One can see why a Steve Bannon or even a seedy East European populist leader might see George Soros as a threat to their sordid nationalist projects. Soros has spent billions of dollars on philanthropy in support of liberal, democratic causes in more than 100 countries. Hungarian nationalist-populist Prime Minister Viktor Orbán, in particular, has relished in revivifying ancient, anti-Semitic stereotypes when referencing Soros. From the ADL, in 2018:
However, such anti-Soros activity is not unique to Hungary. Soros long has been a punching bag of authoritarian regimes across Eastern Europe where resentment lingers for his work to build democratic institutions and governments after the fall of the Iron Curtain. And voices in some liberal democracies like Israel cast Soros as a central figure trying to undermine the national interest.
In the United States, Soros long has been a favored target of the so-called alt right and other right-wing extremists. Their online echo chambers reverberate with conspiracies about Soros, accusing him of attempting to perpetrate “white genocide” and push his own malevolent agenda.
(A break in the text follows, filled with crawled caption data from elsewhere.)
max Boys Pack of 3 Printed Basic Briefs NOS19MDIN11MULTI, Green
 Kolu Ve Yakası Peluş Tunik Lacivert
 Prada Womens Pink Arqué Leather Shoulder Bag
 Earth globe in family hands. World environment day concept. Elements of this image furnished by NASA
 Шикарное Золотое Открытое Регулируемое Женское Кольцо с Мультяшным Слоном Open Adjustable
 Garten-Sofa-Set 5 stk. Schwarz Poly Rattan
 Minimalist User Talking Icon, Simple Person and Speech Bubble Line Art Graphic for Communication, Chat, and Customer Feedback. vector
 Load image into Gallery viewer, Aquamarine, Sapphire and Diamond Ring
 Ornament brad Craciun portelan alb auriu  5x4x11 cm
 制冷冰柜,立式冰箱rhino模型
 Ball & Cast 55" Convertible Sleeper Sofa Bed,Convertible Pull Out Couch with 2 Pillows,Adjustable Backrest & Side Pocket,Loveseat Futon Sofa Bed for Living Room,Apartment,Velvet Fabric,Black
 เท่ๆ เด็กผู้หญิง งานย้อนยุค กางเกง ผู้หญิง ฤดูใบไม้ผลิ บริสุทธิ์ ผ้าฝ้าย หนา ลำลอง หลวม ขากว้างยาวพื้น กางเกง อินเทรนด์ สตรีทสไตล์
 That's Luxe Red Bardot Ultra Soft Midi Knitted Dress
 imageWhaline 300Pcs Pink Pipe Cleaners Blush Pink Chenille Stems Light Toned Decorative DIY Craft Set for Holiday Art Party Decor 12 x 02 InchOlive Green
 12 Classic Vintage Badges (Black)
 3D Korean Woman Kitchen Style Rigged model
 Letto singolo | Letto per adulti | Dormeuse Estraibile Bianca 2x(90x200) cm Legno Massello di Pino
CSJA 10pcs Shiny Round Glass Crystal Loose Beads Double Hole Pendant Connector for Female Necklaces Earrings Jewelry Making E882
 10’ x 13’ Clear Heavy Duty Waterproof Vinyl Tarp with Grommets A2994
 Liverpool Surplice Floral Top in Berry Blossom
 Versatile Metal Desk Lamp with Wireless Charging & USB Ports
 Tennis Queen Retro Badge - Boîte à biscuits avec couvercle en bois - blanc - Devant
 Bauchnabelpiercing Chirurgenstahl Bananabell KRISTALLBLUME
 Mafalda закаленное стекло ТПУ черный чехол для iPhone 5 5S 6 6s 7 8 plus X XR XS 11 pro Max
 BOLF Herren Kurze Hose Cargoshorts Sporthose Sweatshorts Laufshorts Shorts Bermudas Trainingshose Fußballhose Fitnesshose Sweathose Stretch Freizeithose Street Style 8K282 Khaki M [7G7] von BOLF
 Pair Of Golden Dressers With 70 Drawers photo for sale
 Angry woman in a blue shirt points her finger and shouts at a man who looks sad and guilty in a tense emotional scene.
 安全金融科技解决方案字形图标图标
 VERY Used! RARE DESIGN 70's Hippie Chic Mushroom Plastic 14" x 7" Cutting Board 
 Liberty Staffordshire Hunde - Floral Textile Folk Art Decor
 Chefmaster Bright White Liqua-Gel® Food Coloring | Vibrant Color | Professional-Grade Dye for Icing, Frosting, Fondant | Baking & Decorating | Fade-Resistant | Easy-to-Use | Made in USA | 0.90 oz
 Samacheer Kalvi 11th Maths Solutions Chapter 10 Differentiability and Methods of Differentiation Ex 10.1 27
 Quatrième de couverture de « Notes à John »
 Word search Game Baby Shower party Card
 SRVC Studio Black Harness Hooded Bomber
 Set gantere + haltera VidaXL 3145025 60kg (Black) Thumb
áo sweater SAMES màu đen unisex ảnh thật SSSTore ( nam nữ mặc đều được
In a report published earlier this year that analyzed antisemitic speech on Twitter, ADL found that Soros figured prominently in a significant number of antisemitic tweets. One noteworthy allegation claimed that Soros was responsible for the deadly “Unite the Right” rally in August 2017 in Charlottesville, Va. Other tweets referred to his Jewish heritage in pejorative terms and claimed that he’s trying to undermine all of Western civilization.
Quite the contrary. George Soros is not trying to undermine the West at all. His Open Society, created to push back against the anti-democratic geopolitical trends that forced him to flee his native Hungary, has spent $19 billion fostering "vibrant and inclusive democracies whose governments are accountable to their people.” He is an avid defender of the liberal international order that allowed so-called “libertarians” like Musk and Murdoch to flourish.
The Open Society has a robust record of supporting freedom of speech, human rights and the free flow of information around the world. They have given thousands of grants to organizations that promote freedom of expression. While Elon Musk, of late, bowed solemnly to pressure from Turkey. And Murdoch’s Fox News just settled a $787 million settlement in a false election claims case regarding the 2020 United States Presidential election. Who, ladies and gentlemen of the jury, is better defending the West’s rich ideological heritage — the Open Society, or the Musk and Murdoch media?